[Exercise instructions]
Please reproduce the entries below exactly from the line holding "Lowepro kaamerakott Nova 170 AW II, must" through the last line, both included, and omit any pictures.

[Extracted entries]
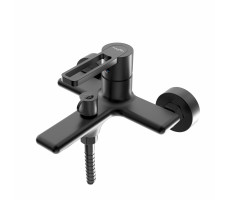 Смеситель для ванны TOKITO KUDO черный (TOK-KUD-1014) Смеситель для ванны TOKITO KUDO черный (TOK-KUD-1014)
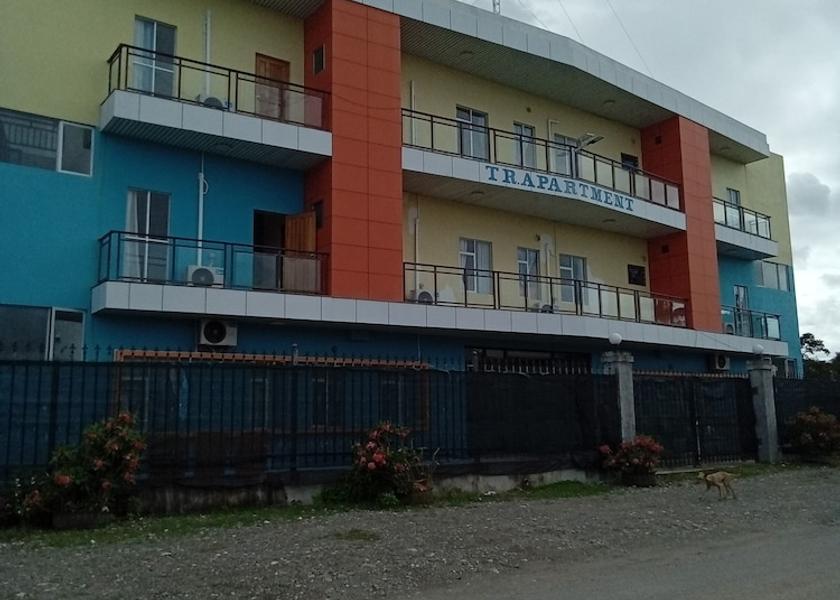  Honiara Facade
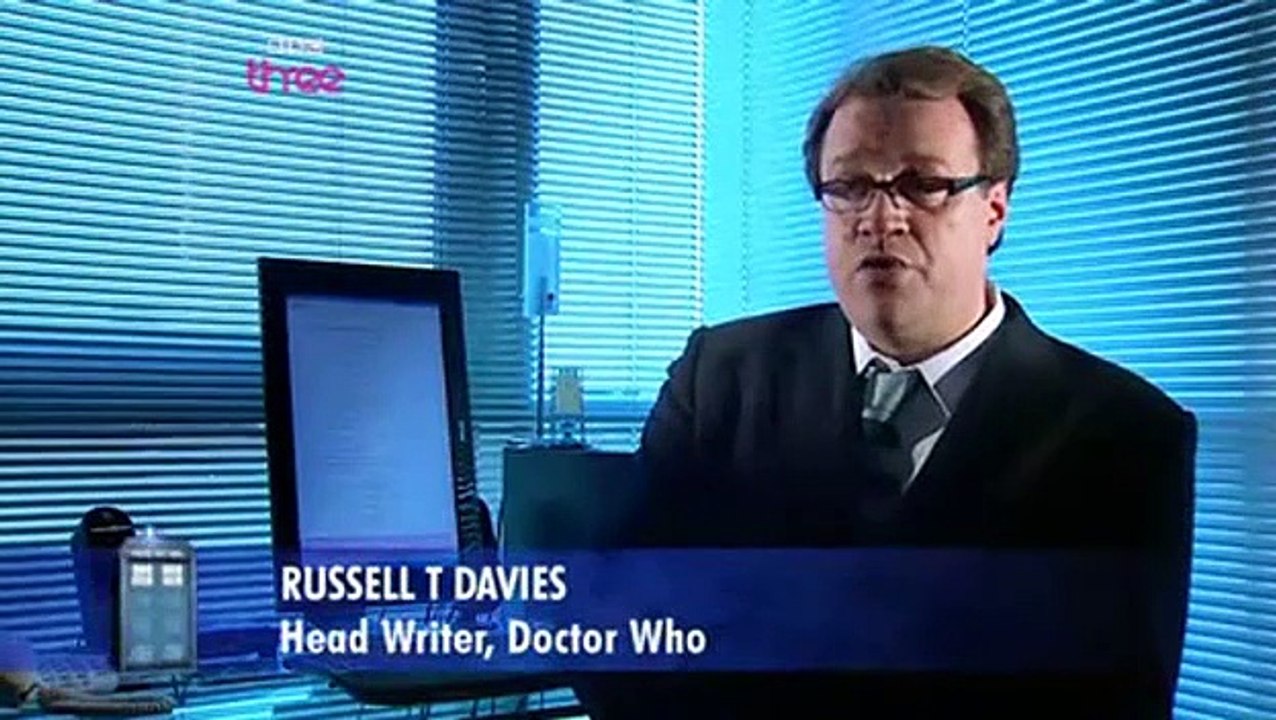 Doctor Who Confidential S04 E03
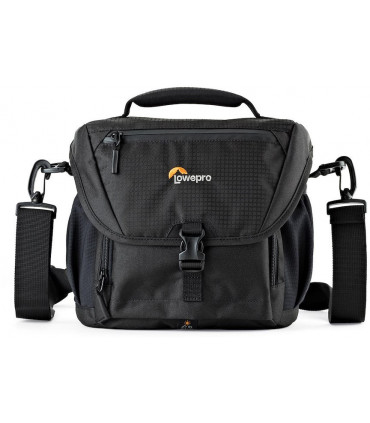 Lowepro kaamerakott Nova 170 AW II, must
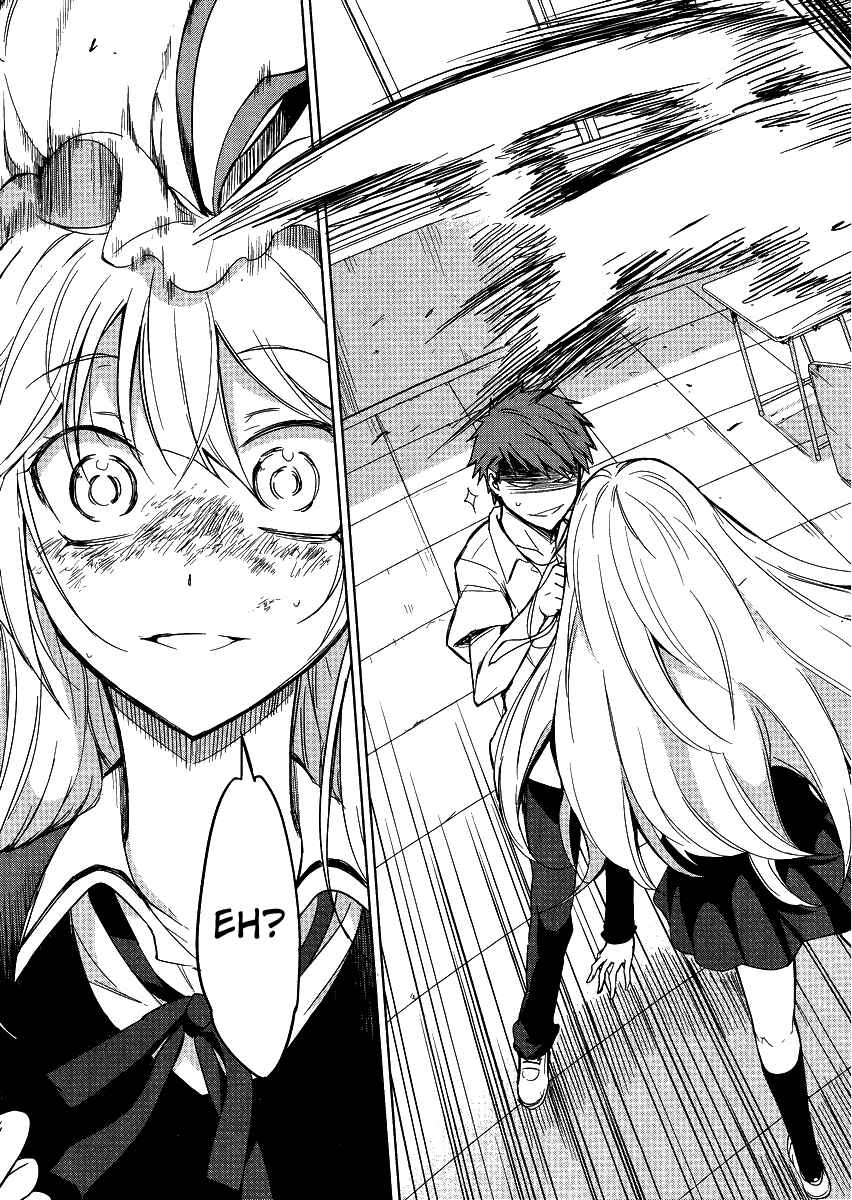 Page 21 Chapter 36 D-Frag!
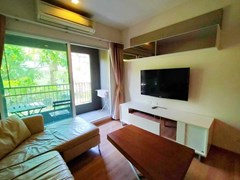 The Seed Musee 1 bedroom condo for rent - Condominium - Khlong Tan - Phrom Phong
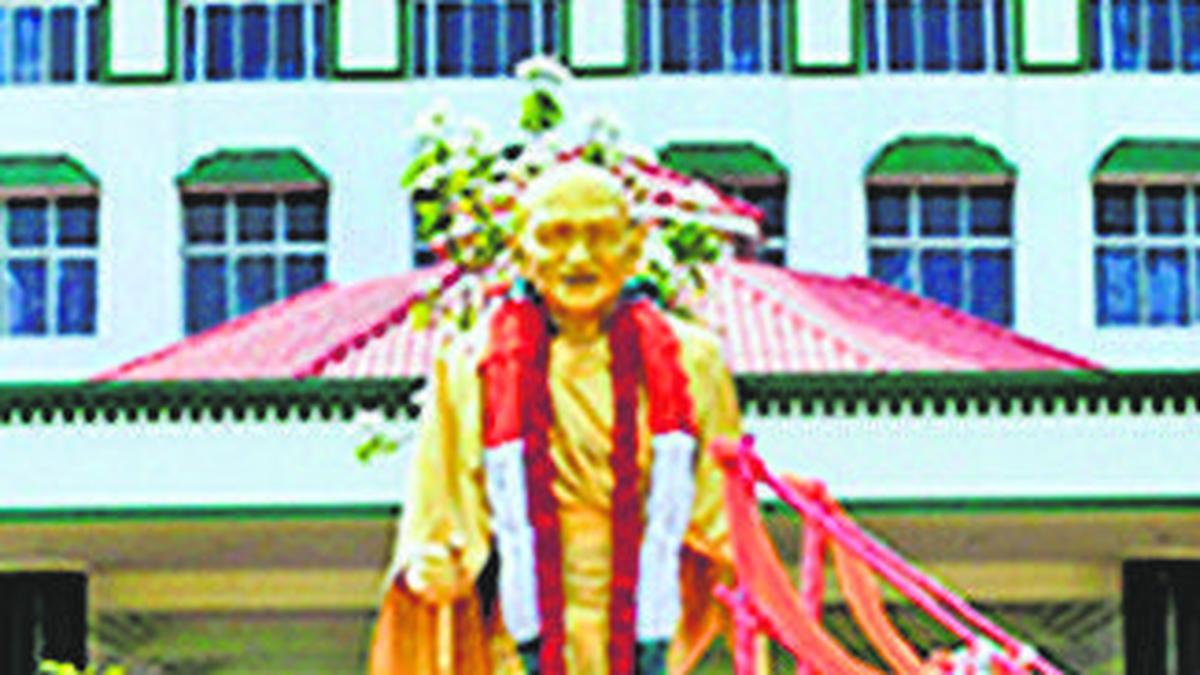 Madurai High Court Bench The Hindu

[Answer section]
 Lowepro kaamerakott Nova 170 AW II, must
 Page 21 Chapter 36 D-Frag!
 The Seed Musee 1 bedroom condo for rent - Condominium - Khlong Tan - Phrom Phong
 Madurai High Court Bench The Hindu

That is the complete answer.